## DATA
◆ ◆ ◆ ◆ ◆ ◆ ◆

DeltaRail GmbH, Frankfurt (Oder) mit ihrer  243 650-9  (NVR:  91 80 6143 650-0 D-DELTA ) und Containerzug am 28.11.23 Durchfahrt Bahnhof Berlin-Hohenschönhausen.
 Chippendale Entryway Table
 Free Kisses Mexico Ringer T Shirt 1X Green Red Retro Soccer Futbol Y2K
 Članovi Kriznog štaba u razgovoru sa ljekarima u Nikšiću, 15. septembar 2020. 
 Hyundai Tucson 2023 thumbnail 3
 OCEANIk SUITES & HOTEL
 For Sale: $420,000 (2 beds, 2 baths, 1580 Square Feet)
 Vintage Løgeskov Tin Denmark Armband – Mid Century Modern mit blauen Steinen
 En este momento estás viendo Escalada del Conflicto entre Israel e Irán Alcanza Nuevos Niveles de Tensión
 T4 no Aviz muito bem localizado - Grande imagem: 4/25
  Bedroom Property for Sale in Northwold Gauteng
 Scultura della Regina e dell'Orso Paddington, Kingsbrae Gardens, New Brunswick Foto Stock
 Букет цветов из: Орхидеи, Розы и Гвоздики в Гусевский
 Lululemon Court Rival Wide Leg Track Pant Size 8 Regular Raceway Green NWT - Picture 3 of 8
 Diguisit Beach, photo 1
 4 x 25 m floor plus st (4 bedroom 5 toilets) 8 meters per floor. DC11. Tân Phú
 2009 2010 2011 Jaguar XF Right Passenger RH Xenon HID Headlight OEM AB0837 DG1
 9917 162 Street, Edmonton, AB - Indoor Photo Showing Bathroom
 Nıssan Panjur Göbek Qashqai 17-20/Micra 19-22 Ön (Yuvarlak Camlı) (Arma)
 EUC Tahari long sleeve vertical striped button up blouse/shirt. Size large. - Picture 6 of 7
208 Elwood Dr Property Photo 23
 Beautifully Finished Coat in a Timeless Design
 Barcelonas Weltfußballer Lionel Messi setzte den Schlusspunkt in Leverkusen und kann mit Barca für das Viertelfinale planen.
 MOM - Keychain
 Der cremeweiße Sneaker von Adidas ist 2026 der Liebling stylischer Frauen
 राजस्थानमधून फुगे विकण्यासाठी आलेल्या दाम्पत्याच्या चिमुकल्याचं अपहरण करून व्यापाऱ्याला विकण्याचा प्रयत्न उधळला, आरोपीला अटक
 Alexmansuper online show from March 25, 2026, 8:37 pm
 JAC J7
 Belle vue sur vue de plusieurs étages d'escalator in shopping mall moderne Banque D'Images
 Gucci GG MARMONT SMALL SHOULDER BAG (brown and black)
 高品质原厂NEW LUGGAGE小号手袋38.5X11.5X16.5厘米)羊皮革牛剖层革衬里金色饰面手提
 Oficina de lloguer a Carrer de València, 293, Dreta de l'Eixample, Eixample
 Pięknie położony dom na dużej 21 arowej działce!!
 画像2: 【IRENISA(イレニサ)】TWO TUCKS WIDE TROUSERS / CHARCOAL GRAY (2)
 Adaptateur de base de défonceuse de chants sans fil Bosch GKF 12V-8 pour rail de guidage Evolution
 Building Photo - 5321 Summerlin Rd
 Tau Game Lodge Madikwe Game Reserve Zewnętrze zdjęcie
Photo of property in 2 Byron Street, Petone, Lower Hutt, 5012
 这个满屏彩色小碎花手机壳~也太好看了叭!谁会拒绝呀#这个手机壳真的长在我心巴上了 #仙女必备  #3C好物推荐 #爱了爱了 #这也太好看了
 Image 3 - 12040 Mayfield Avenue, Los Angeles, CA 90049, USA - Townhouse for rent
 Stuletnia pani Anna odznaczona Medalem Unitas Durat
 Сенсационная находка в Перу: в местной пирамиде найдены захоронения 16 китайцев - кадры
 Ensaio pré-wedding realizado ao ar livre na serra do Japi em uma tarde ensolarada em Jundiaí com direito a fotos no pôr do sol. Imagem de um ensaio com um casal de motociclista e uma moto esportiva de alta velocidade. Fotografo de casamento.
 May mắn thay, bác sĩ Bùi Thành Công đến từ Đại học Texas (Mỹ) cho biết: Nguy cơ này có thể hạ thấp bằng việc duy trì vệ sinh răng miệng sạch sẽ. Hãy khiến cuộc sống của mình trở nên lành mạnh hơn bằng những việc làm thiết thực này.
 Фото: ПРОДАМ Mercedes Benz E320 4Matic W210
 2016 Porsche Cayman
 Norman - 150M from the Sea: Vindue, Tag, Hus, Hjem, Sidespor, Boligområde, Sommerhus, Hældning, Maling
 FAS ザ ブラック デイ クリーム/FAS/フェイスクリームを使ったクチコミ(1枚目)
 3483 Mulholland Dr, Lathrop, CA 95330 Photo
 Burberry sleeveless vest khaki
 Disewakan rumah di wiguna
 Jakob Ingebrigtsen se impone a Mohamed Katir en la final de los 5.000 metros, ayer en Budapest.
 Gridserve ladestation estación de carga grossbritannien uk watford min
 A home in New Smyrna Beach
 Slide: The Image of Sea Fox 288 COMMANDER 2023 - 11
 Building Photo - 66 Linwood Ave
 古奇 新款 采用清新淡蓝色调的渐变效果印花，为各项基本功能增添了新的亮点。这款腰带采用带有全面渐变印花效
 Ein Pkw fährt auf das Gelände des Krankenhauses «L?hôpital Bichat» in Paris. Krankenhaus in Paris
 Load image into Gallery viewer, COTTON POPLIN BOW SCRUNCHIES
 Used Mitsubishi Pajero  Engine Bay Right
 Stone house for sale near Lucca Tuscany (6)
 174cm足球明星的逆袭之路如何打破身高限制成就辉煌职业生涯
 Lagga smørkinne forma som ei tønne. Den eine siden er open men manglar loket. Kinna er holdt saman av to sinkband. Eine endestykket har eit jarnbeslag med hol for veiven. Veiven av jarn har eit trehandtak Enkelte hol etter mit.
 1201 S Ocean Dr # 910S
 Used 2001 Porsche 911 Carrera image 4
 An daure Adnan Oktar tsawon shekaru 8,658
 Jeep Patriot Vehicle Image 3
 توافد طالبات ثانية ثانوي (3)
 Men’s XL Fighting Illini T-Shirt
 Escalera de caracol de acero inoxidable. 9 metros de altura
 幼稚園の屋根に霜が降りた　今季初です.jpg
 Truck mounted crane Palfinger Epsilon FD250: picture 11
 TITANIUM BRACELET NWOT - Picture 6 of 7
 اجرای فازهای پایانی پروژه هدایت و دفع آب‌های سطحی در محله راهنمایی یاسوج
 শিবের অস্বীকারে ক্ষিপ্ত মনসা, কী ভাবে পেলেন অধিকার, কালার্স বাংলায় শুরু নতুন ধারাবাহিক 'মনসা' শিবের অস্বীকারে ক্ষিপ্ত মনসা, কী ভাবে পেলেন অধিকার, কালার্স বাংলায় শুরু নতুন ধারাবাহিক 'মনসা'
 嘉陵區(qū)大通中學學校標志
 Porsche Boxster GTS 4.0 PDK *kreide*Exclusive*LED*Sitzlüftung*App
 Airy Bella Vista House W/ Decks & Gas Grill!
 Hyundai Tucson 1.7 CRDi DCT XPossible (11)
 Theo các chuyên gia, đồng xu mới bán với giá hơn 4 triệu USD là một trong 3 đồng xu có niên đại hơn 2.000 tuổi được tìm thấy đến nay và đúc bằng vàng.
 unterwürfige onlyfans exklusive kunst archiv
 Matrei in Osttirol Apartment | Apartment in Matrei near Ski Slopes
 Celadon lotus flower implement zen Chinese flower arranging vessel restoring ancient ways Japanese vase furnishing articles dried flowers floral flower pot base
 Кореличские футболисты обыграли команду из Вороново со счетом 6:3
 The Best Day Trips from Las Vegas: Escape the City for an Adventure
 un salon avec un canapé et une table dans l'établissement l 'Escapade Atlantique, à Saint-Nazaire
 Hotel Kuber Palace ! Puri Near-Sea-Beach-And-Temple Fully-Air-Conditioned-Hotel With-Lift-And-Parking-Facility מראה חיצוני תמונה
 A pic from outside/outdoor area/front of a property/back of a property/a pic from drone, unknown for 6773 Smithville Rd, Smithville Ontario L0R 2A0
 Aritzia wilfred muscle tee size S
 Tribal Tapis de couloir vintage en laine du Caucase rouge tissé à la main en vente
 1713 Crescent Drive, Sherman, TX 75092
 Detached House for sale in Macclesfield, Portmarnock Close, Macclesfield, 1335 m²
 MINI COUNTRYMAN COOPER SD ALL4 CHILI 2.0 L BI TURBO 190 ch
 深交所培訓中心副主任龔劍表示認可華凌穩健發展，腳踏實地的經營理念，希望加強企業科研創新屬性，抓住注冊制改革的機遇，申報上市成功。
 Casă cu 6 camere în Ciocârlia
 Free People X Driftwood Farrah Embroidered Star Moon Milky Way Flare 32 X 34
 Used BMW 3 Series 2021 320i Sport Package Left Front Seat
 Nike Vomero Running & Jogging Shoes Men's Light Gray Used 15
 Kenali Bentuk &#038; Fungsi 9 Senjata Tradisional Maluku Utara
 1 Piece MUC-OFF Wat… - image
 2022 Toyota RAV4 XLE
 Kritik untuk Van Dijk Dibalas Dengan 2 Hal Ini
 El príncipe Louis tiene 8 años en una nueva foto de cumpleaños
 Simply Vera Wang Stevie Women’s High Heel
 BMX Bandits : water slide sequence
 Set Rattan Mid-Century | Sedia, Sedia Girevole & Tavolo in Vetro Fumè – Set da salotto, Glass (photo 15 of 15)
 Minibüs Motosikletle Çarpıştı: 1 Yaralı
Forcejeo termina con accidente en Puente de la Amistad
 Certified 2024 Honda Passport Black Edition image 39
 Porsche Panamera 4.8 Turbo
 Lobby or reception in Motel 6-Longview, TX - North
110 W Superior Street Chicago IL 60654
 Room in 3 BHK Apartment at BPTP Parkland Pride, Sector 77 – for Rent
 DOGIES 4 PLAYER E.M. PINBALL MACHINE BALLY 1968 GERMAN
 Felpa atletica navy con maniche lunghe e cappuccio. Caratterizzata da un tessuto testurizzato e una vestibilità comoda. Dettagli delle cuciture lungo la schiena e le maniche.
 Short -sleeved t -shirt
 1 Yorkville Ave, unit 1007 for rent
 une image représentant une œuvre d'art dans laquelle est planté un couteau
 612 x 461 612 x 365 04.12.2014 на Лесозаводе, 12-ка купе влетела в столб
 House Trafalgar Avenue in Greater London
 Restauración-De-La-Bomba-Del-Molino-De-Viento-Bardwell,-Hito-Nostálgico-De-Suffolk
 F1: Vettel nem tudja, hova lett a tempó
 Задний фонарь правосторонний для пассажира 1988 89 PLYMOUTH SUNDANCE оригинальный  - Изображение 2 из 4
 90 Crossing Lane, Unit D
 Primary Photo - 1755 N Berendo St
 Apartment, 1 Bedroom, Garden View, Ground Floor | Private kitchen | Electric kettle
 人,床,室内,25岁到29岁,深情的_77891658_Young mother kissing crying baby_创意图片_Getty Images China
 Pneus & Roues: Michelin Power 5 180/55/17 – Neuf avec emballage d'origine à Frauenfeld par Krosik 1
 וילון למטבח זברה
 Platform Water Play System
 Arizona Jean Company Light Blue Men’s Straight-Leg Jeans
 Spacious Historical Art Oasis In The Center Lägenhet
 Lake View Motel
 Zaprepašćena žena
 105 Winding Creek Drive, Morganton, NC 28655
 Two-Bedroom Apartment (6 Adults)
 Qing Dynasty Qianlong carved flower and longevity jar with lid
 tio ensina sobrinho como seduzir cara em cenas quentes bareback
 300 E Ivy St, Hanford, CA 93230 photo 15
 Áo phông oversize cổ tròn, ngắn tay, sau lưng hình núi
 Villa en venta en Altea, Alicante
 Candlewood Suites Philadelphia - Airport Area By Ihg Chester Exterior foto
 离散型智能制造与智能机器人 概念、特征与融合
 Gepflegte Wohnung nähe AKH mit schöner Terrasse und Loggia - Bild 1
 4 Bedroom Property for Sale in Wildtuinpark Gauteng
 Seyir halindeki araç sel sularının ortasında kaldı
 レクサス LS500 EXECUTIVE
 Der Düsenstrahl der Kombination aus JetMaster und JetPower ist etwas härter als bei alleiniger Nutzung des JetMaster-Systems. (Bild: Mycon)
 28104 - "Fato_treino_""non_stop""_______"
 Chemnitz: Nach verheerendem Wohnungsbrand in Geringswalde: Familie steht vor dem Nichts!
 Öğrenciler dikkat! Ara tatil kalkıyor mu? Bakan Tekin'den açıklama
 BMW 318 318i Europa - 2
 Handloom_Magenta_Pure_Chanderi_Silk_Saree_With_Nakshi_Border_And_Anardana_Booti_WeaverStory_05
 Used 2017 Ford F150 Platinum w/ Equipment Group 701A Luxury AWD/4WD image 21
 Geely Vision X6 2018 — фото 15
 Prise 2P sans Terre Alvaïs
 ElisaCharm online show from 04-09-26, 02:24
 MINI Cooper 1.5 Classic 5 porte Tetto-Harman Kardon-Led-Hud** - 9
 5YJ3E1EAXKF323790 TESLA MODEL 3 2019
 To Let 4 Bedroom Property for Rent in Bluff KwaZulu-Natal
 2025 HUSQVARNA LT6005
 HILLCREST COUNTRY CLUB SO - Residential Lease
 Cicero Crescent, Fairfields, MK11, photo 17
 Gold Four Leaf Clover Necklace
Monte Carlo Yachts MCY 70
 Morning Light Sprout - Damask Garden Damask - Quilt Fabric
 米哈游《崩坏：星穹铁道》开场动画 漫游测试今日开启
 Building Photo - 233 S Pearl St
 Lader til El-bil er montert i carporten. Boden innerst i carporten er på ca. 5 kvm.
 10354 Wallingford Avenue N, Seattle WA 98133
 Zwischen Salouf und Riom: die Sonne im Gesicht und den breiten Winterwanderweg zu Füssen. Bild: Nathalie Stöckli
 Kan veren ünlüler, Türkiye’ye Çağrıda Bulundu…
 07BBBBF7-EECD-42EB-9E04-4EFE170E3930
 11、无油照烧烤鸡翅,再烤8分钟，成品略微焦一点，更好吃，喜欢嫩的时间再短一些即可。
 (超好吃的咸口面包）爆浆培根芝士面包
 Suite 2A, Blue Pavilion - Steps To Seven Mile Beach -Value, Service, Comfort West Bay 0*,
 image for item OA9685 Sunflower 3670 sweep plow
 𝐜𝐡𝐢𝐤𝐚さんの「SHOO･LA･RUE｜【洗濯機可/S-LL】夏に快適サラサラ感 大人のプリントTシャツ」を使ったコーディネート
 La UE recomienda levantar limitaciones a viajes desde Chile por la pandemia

◆ ◆ ◆ ◆ ◆ ◆ ◆

## EXERCISE GOAL
Your response should be the lines above from the first to the one containing "2009 2010 2011", inclusive, each given exactly.

## RESPONSE TO THIS TASK
DeltaRail GmbH, Frankfurt (Oder) mit ihrer  243 650-9  (NVR:  91 80 6143 650-0 D-DELTA ) und Containerzug am 28.11.23 Durchfahrt Bahnhof Berlin-Hohenschönhausen.
 Chippendale Entryway Table
 Free Kisses Mexico Ringer T Shirt 1X Green Red Retro Soccer Futbol Y2K
 Članovi Kriznog štaba u razgovoru sa ljekarima u Nikšiću, 15. septembar 2020. 
 Hyundai Tucson 2023 thumbnail 3
 OCEANIk SUITES & HOTEL
 For Sale: $420,000 (2 beds, 2 baths, 1580 Square Feet)
 Vintage Løgeskov Tin Denmark Armband – Mid Century Modern mit blauen Steinen
 En este momento estás viendo Escalada del Conflicto entre Israel e Irán Alcanza Nuevos Niveles de Tensión
 T4 no Aviz muito bem localizado - Grande imagem: 4/25
  Bedroom Property for Sale in Northwold Gauteng
 Scultura della Regina e dell'Orso Paddington, Kingsbrae Gardens, New Brunswick Foto Stock
 Букет цветов из: Орхидеи, Розы и Гвоздики в Гусевский
 Lululemon Court Rival Wide Leg Track Pant Size 8 Regular Raceway Green NWT - Picture 3 of 8
 Diguisit Beach, photo 1
 4 x 25 m floor plus st (4 bedroom 5 toilets) 8 meters per floor. DC11. Tân Phú
 2009 2010 2011 Jaguar XF Right Passenger RH Xenon HID Headlight OEM AB0837 DG1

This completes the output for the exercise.